Learning to edit your own work is the number one most important skill any writer can get out of workshopping. It is such a hard skill to learn and is so vital to doing good work. For me I think I was so much better equipped to write a novel more quickly and effectively having been a student in so many workshops than I would have been if I hadn’t had the opportunity. 

What’s the worst thing you’ve ever gotten out of a writing class or workshop as a student?

I think unfortunately badly run workshops can damage your ego and really kill the joy in writing. At the end of the day absolutely all criticism of fiction is subjective, and a properly run workshop should have that as its starting point. A workshop should feel like a positive, collaborative experience that brings your work to the next level rather than be something that tears you down and makes you feel like you want to quit writing and get a law degree. 

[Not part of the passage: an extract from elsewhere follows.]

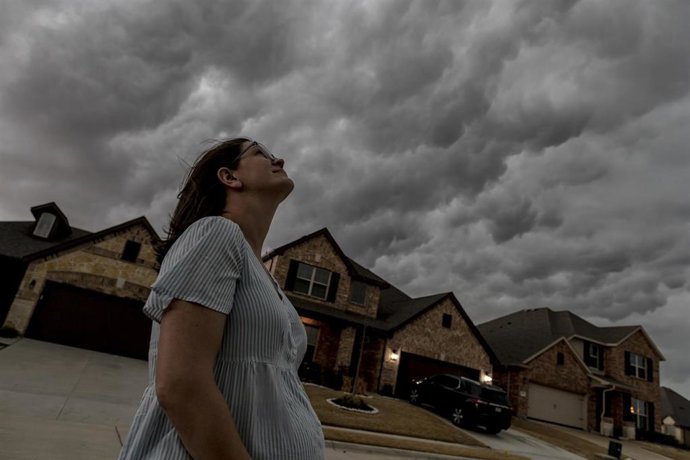 Una mujer mira al cielo en Texas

What is the lesson or piece of writing advice you return to most as an instructor?

The more you write the better at writing you will get. 

Does everyone “have a novel in them”?

I think if that means that everyone has a great story to tell there’s truth to that, but I think a novel is more than just a great story.  

Would you ever encourage a student to give up writing? Under what circumstances?

I don’t think anyone needs to be encouraged to give up writing because writing is hard enough of and in itself. 

What’s more valuable in a workshop, praise or criticism?

I think they go hand in hand. If I feel you’re on my team because you value my work, your opinion will matter to me a lot more than if I feel you dislike my work, and I have to defend it to you for you to even see the inherent value of it. 

Should students write with publication in mind? Why or why not?

There is such a thing as over-editing.

It depends on what their goals are. If their goal is to turn this into a profession then yes, but if their goal is to just enjoy writing as a hobby then no. 

In one or two sentences, what’s your opinion of these writing maxims?

  • Kill your darlings: Overrated. There is such a thing as over-editing. 
  • Show don’t tell: Another overrated saying. Sometimes telling is faster and more efficient. We all have things to do with our time. 
  • Write what you know: This is good advice in the right context, but I would say don’t forget to bring a sense of wonder to your work. I think good fiction is about discovery and asking questions that none of us have the answers to. 
  • Character is plot: I’ve never heard this before, but I would say character is not plot. 

What’s the best hobby for writers?

Something that has nothing, absolutely nothing, to do with books (we all need a break sometimes). 

What’s the best workshop snack?

When I was a grad student at Oxford they’d actually give us tea breaks where we’d have biscuits. Very British and very lovely.